Güneşe doğru akar özgür nehirler
İlham BAKIR yazdı —
- Nehrin kaynağı yedi kat göğün yüzündedir, yedi kat yerin altındadır. Damla damla birikir yağmur olur, sel olur yıkar geçer bentleri. Kürt Özgürlük Hareketi, bir nehir hareketidir, geçtiği her yerden damlalar alır içine...
- Kürt’e bir damla su nasip olmasın diye çırpınanlar, şimdi Kürt’ün özgürlük selinin karşısında çaresiz durumdalar. Ölesiye korkuyorlar yıkılacak barajlardan, bentleri aşacak sellerden.
Bir nehrin akışını yavaşlatabilirsiniz, önüne setler barajlar kurabilirsiniz. Hatta setlerin, barajların içine hapsederek bir süreliğine akışını durdurabilirsiniz de. Beslendiği kaynaklar kurumadığı sürece, hiçbir bent bir nehri ilelebet durduramaz, hapsedemez. Nehrin kaynağı yedi kat göğün yüzündedir, yedi kat yerin altındadır. Damla damla birikir yağmur olur, sel olur yıkar geçer bentleri. Kürt Özgürlük Hareketi, bir nehir hareketidir, geçtiği her yerden damlalar alır içine, damla damla çoğalır yürüdükçe, aktıkça. Dicle’nin, Fırat’ın, Munzur’un azimli, sabırlı sürekliliğinden, kutsiyetinden, paklığından, duruluğundan alır kudretini Kürt’ün özgürlük yürüyüşü. Binlerce yıldır akar, Munzur, akar Dicle, akar Fırat. Yüzlerce yıldır ne şahlar, ne padişahlar ne sultanlar durdurabilmiştir bu akışı.
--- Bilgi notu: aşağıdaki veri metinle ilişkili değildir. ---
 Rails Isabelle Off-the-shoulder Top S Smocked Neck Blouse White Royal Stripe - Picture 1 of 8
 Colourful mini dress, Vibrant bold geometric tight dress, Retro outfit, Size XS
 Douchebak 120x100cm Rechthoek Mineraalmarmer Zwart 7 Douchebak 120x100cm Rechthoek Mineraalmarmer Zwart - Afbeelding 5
Son yüz elli yıldır Kürt’ün özgürlüğünün önüne kurulmadık bent, kazılmadık hendek kalmadı. Ama zapt edilemedi özgürlük tutkusu. Damla damla, insan insan büyüdü, nehir oldu, halk oldu aştı bentleri, taştı hendeklerden, barajlardan. Elinde bentlerin kilitlerini tutan sömürgecilere şunu söyledi: Ben özgür akacağım, kurduğunuz hiçbir bent beni esir alamayacak. Diğer halklara, diğer nehirlere, akarsulara şunu söyledi: Birlikte bir ve eşit akmaya; ayrısız gayrısız bir ve eşit aynı nehrin yatağını paylaşmaya ve sizlerle çoğalmaya hazırız. Damla damla, nehir nehir çoğalıyoruz şimdi her gün biraz daha. Telaştalar, ateşteler, sayrılı rüyalar, irinli kusmuklu kaygılar içindeler nehirlerimiz çoğaldıkça.
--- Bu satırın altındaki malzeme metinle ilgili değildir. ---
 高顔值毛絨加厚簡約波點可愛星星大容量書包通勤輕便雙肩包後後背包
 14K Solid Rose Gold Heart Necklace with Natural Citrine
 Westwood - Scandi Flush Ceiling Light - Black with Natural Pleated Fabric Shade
Kürt’e bir damla su nasip olmasın diye çırpınanlar, şimdi Kürt’ün özgürlük selinin karşısında çaresiz durumdalar. Ölesiye korkuyorlar yıkılacak barajlardan, bentleri aşacak sellerden. Korktukça daha çok baraj inşa ediyorlar. Korktukça daha çok hendek kazıyorlar. Kurdunu, kuşunu, ağacını, insanını bir damla suya muhtaç bırakıyorlar. Kurulan barajlardan, koca bir çöle döndürdüler dünyanın en mümbit coğrafyasını. Belini kırdılar toprağın, ağacın dalını. Yuvasını bozdular karıncanın, kanadını kırdılar kuşun. Cümle hayvanatın ve dahi cümle nebatatın bedduasındasınız, bilesiniz. Bilesiniz, iflah ettirmez aldığınız ahlar. Yüreğinde yağmurlar biriktirir, gözlerinden su sağar damla damla kurdun kuşun dudağına güneşin ve nehirlerin çocukları, çok duasını almışlardır çiçeğin, böceğin. Sırtları kavidir, ruhları arıdır. Ant içmişlerdir bu coğrafyanın kuruyan bütün dudaklarına su içirmeye. Bentleriniz aşınıyor, duvarlarınız çözülüyor bilesiniz. Size son çağrımızdır, açın baraj kapaklarını, salıverin hapsettiniz her damla yağmurumuzu. Yüreğimizde biriken fırtınalardan korkun. Bu fırtınalardan boşalacak sağanaklardan, bu sağanaklardan doğacak sellerden korkun. Özgür bırakın asi ve onurlu nehirlerimizi. Şimdi açarsanız baraj kapaklarını, usul usul akacağız yaşamın içine. Usul usul suvaracağız kuruttuğunuz her zerre toprağı. Ağaçlar yeşerteceğiz, bin bir renkli çiçekler, sizin bile sevdalanacağınız. Güzellikleri çoğaltacağız diyoruz, yaşamın şah damarına akacağız.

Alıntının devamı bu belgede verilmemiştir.